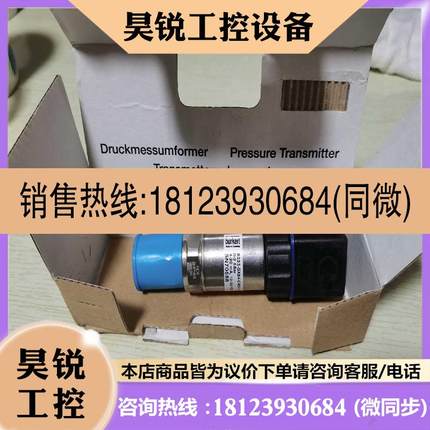 议价:德国进口正品宝德压力感应器8323  SN70588,适用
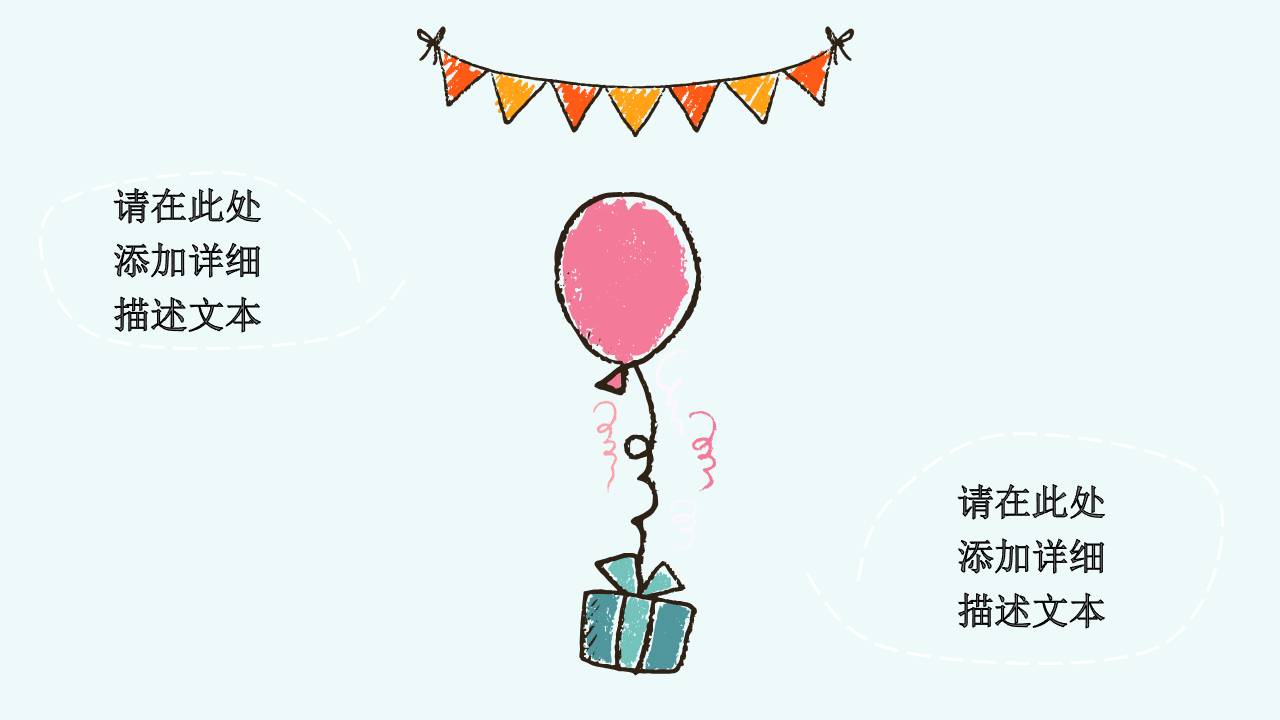 幼儿园儿童大型亲子活动策划方案PPT模板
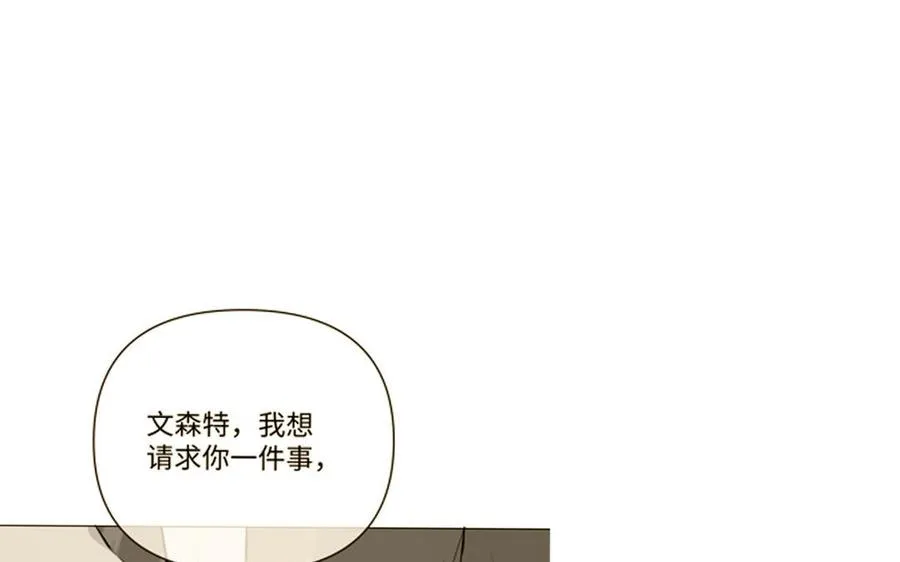 第82话 人质97
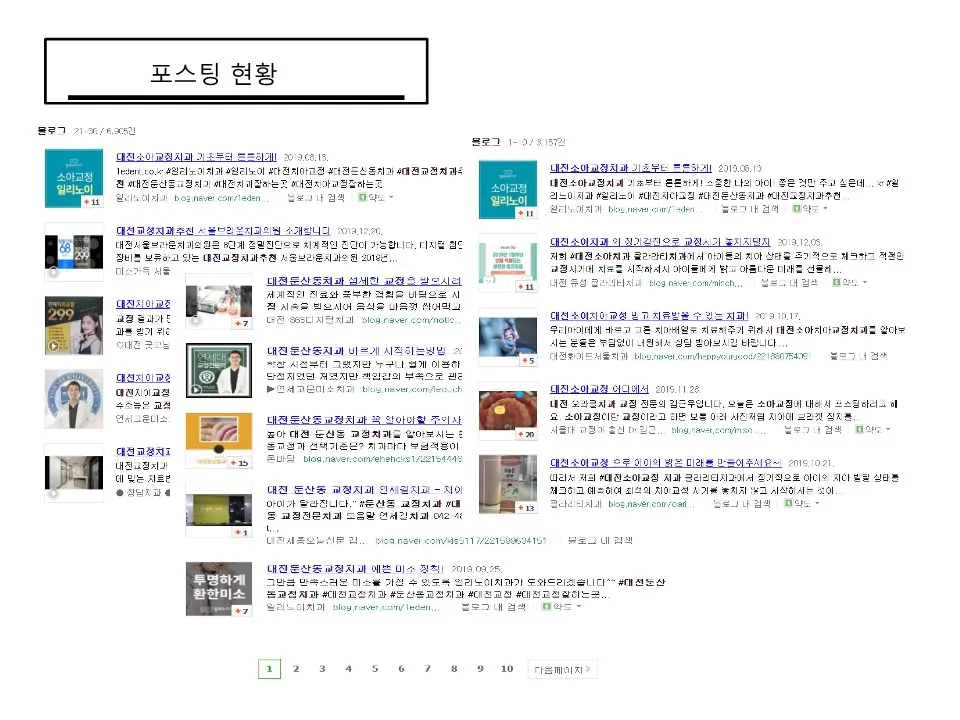 이미지 5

════

◆ ASSIGNED TASK:
Please copy the data above character for character, skipping any pictures.

◆ TASK ANSWER:
 议价:德国进口正品宝德压力感应器8323  SN70588,适用
 幼儿园儿童大型亲子活动策划方案PPT模板
 第82话 人质97
 이미지 5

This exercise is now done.